Abstract
We investigate the electrical behavior of a symmetric liquid crystal (LC) cell: elecrode-silane-LC-silane-electrode. The silane (chlorodimethyloctadecyl-silane) layer induces a homeotropic orientation of the nematic liquid crystal (NLC) molecules. The wettability technique is used to detect the change of the surface energy of the electrode upon cleaning and silane layer deposition. We report on the dynamic impedance measurements of the nematic liquid crystal cell. It is found that the silane alignment layer has a blocking effect on the liquid crystal (LC) cell. We also study the relaxation behavior of the cell which is later assimilated as an electrical equivalent circuit.
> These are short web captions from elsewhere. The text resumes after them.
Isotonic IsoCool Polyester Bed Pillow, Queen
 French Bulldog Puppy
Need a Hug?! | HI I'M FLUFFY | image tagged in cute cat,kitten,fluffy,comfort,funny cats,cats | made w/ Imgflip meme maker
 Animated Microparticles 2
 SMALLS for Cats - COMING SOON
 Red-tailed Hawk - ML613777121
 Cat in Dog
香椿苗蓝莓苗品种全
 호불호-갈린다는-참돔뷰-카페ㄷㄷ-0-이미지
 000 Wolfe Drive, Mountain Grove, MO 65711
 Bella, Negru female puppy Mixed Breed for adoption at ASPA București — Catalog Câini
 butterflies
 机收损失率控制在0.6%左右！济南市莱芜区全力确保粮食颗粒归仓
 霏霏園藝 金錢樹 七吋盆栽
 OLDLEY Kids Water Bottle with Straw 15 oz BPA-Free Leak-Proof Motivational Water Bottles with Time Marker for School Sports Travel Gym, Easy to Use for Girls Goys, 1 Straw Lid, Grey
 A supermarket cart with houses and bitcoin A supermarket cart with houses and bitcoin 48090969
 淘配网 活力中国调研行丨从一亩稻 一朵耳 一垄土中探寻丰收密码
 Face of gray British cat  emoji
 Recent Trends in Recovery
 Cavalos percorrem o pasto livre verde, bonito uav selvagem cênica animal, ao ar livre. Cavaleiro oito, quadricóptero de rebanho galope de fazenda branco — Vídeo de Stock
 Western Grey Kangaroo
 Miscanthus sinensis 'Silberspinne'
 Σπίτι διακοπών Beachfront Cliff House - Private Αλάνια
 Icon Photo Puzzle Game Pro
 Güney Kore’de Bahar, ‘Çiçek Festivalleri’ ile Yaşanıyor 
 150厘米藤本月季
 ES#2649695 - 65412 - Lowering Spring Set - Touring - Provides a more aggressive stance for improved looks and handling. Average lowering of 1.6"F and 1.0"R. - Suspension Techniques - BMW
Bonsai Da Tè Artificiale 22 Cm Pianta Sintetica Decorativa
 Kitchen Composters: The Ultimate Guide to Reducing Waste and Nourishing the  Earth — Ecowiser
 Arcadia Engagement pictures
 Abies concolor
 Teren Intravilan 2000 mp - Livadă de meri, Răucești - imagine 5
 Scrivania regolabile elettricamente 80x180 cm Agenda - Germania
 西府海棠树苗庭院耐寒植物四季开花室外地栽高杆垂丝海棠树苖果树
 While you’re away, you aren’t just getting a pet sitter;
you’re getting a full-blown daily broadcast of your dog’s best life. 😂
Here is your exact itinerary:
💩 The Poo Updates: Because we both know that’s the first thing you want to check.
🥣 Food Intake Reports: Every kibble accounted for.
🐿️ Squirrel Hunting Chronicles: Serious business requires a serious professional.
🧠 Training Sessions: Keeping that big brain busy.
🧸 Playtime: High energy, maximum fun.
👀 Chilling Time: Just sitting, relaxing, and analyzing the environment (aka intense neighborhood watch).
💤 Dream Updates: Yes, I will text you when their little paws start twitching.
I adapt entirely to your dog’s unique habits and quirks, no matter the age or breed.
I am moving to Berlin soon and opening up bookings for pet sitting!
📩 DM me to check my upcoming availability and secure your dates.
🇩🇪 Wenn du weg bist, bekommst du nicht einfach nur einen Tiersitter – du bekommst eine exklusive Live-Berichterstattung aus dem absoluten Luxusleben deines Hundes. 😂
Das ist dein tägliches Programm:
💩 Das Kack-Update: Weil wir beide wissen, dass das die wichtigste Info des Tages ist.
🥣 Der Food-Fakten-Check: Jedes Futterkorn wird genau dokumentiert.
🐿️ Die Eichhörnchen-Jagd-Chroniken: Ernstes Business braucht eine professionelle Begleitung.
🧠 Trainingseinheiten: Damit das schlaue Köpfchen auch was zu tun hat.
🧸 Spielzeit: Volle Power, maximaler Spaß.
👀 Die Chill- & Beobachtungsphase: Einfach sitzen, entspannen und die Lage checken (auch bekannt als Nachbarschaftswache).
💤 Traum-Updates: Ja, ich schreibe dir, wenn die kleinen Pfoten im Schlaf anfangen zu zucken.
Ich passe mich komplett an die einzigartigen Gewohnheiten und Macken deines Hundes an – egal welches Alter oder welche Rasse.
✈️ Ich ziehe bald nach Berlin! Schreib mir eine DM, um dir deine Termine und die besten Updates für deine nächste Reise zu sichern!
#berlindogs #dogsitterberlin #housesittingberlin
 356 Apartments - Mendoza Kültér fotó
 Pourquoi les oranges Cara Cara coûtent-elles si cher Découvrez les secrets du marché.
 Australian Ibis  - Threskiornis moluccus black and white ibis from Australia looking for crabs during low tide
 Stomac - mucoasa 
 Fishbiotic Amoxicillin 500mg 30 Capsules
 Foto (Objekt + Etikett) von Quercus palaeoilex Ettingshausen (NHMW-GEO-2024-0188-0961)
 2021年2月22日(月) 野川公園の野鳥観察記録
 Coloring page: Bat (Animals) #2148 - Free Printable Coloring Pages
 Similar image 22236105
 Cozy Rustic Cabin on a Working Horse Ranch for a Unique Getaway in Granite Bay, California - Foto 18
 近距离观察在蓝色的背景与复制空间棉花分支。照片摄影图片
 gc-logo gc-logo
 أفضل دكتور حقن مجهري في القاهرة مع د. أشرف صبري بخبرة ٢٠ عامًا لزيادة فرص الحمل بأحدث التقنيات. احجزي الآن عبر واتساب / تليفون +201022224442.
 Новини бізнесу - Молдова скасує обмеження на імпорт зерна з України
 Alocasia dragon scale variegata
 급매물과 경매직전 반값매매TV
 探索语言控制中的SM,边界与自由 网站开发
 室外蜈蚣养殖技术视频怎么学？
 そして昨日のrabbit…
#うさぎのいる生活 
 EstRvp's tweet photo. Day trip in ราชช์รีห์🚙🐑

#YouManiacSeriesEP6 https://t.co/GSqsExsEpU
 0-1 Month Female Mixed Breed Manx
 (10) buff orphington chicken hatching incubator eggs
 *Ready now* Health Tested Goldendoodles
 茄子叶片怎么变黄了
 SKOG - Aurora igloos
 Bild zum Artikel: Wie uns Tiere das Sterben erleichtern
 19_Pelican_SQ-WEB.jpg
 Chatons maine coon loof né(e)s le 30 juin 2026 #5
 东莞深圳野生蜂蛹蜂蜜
Keywords: liquid crystal, impedance measurement, relaxation processes, electrical equivalent circuit
Introduction
In a liquid crystal device (LCD), polymer layers play an important role in molecular alignment and charge injection [1, 2]. It is known that the dielectric anisotropy of nematic liquid crystals (NLCs) plays an important role in the application of the electrical effect to display devices [3]. However, the consumption of electric power increases and ionic impurities, which might cause the misalignment of LC molecules during the operation, shortens the life of the LCD [4–6]. Consequently, the behaviour of ionic impurities included in the LC materials and the mechanism of charge generation on the electrodes is of great concern [7]. It is thus valuable to investigate the behaviour of charge carriers and the effects of the insulating alignment layer used as blocking electrodes under AC and DC excitation in terms of the LCD reliability [8]. Also, the morphology of the alignment layer is of great consequence to the achievement of the desired orientation of the LC molecules.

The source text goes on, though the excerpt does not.